What the exercise asks> Restate, in full and unchanged, the entries that follow, but not their pictures.

Input material>
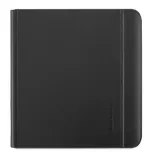 etui-kobo-libra-colour-notebook-sleepcover-case-black-kolor-czarny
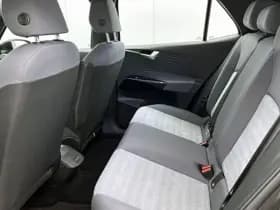 Volkswagen ID.3 Pro 58 kWh thumbnail 24
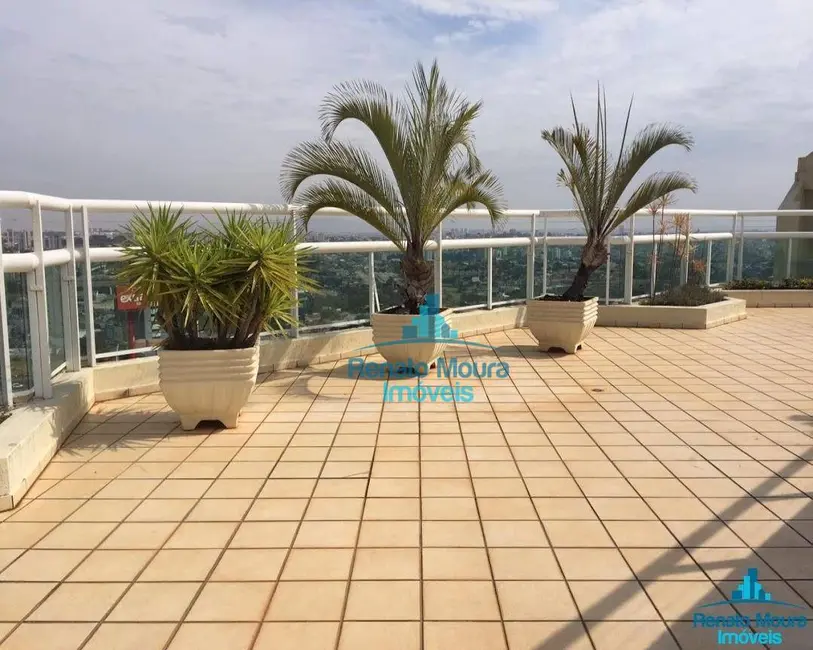 Apartamento com 3 quartos à venda, 140m2 em Parque Campolim, Sorocaba - SP - imagem 7 Foto 7 de Apartamento com 3 quartos à venda, 140m2 em Parque Campolim, Sorocaba - SP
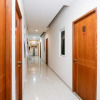 Отель Sky Residence Serpong 1 Tangerang, фото 14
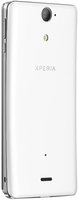 Смартфон Sony Xperia V LT25i купить по лучшей цене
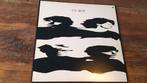 Lp: U2 - Boy (1983), Ophalen of Verzenden, Gebruikt, 12 inch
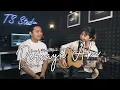 Download Lagu Chintya Gabriella - PERCAYA AKU (Cover By) Michelle Suaka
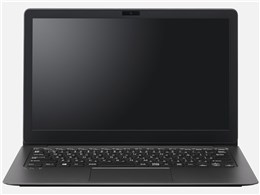 VAIO Z VJZ13190211B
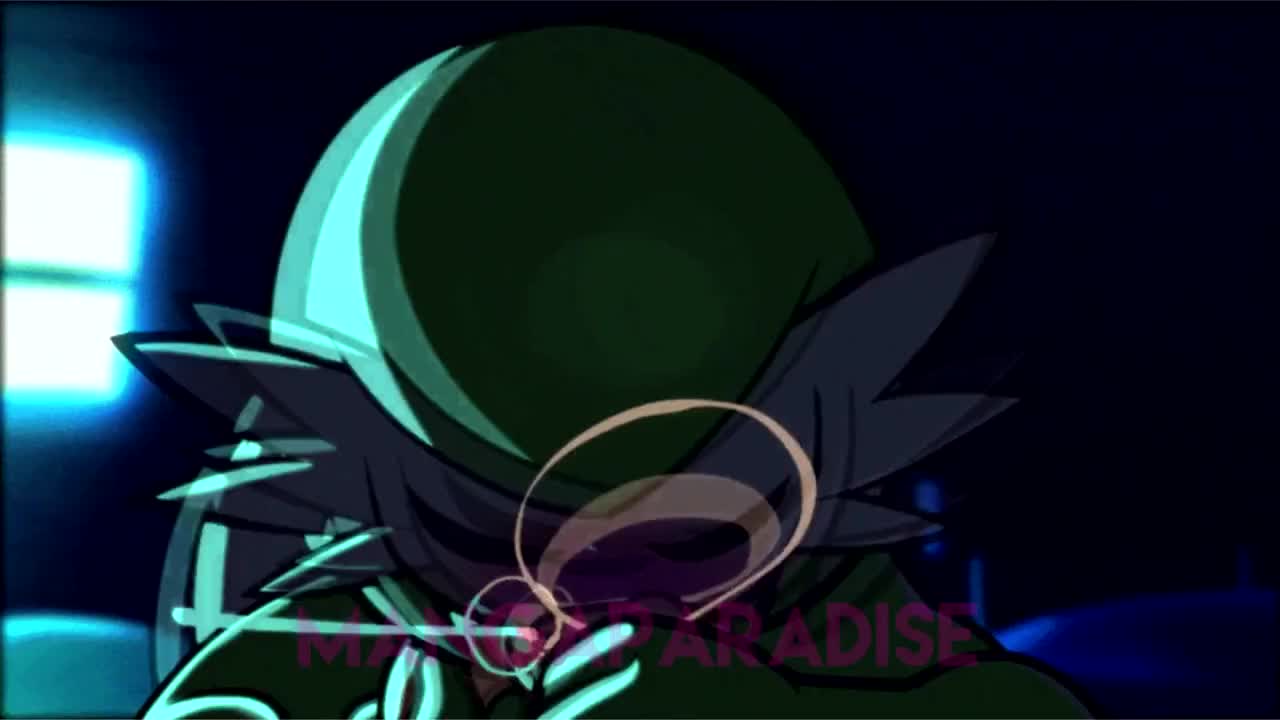 Watch Gardevoir Hentai Compilation (Pokemon) Short Sex Videos - Duration: 05:50 | ePornNEW.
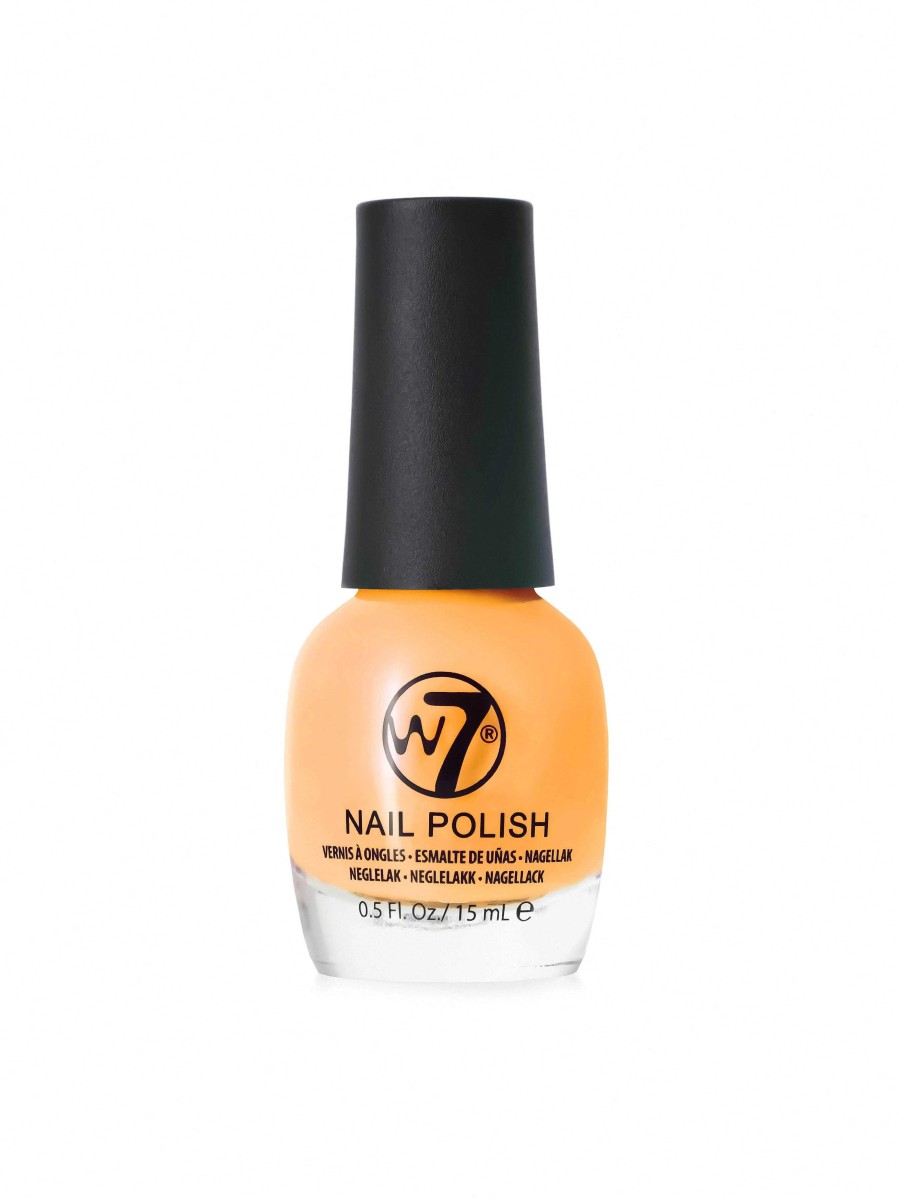 Nails W7 | W7 Nail Polish 181A Sri Lanka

Answer to this task>
 etui-kobo-libra-colour-notebook-sleepcover-case-black-kolor-czarny
 Volkswagen ID.3 Pro 58 kWh thumbnail 24
 Apartamento com 3 quartos à venda, 140m2 em Parque Campolim, Sorocaba - SP - imagem 7 Foto 7 de Apartamento com 3 quartos à venda, 140m2 em Parque Campolim, Sorocaba - SP
 Отель Sky Residence Serpong 1 Tangerang, фото 14
 Смартфон Sony Xperia V LT25i купить по лучшей цене
 Lp: U2 - Boy (1983), Ophalen of Verzenden, Gebruikt, 12 inch
 Download Lagu Chintya Gabriella - PERCAYA AKU (Cover By) Michelle Suaka
 VAIO Z VJZ13190211B
 Watch Gardevoir Hentai Compilation (Pokemon) Short Sex Videos - Duration: 05:50 | ePornNEW.
 Nails W7 | W7 Nail Polish 181A Sri Lanka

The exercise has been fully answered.